Friday, October 26, 2007

Installing Pidgin For Nexenta

In order to work out these instructions I originally built Pidgin in its own zone, called the pidgin_zone. Since Pidgin requires the X Server graphics libraries, I have installed it in the global zone locally. For any installations that are not officially supported by the Nexenta package manager, I never use the default installation path or any installation path that requires root access. I generally use my $HOME directory as the installation path. This has worked so far when I have installed Opera, for example, and it worked for the Pidgin install, as well. Please keep in mind that since Nexenta's package manager does not have a record of these types of installations, you will be required to upgrade on your own without Synaptic's help.

Step 1: Install Nexenta Libraries

You will need the following packages for extracting and building the Pidgin source:
  • timezra@nexentaos:~# sudo apt-get install bzip2
  • timezra@nexentaos:~# sudo apt-get install libgnomeui-dev
  • timezra@nexentaos:~# sudo apt-get install make
  • timezra@nexentaos:~# sudo apt-get install gcc
The list of libraries that the Pidgin source depends on was originally taken from this post.
  • timezra@nexentaos:~# sudo apt-get install libxml-parser-perl (or else you will see the error "checking for XML::Parser... configure: error: XML::Parser perl module is required for intltool" when you run ./configure)
  • timezra@nexentaos:~# sudo apt-get install libxml2-dev gettext libnss-dev libnspr-dev libgtkspell-dev

Step 2: Build Pidgin From Source

After the Nexenta dependencies are installed, unzipping, building and installing the libraries should be easy.
  • timezra@nexentaos:~# mkdir $HOME/build
  • Download and copy pidgin-2.2.2.tar.bz2 to $HOME/build
  • timezra@nexentaos:~# cd $HOME/build
  • timezra@nexentaos:~/build# bunzip2 pidgin-2.2.2.tar.bz2
  • timezra@nexentaos:~/build# tar -xf pidgin-2.2.2.tar
  • timezra@nexentaos:~/build# cd pidgin-2.2.2
  • timezra@nexentaos:~/build/pidgin-2.2.2# ./configure --prefix=$HOME
  • timezra@nexentaos:~/build/pidgin-2.2.2# make
  • timezra@nexentaos:~/build/pidgin-2.2.2# make check
  • timezra@nexentaos:~/build/pidgin-2.2.2# make install
You should now have an executable file $HOME/bin/pidgin that will start the IM client!

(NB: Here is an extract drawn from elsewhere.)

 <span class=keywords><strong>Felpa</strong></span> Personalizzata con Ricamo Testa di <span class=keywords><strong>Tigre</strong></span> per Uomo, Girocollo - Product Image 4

Step 3: Copy Pidgin Accounts From One Computer To Another

Originally, I had been running Pidgin on my Windows laptop at work, but when I left that job, I had to turn over the computer to IT. I have collected some 6 or 7 IM accounts over the years and I hate to keep track of them. Previously, I had used Trillian to manage my accounts but switched to Pidgin when I registered with gmail (since, at the time, only the for-pay version of Trillian supported Google chat). I did not want to re-create all those accounts for my home install of Pidgin, but I could not find an easy way from inside Pidgin to export the registration / group data. After a quick search, in a local directory of Windows (I believe it was My Documents/Application Data), I stumbled onto a directory called .purple. I copied the resources icons, smileys, accels, accounts.xml, blist.xml, pounces.xml, prefs.xml and status.xml off the Windows machine.
After installing Pidgin into my $HOME directory on Nexenta, I noticed the new directory $HOME/.purple. I copied the contents that I had taken off the Windows machine to this directory, and Voila! It was just that easy to connect to all my IM accounts again and my contacts were properly arranged in all their appropriate folders.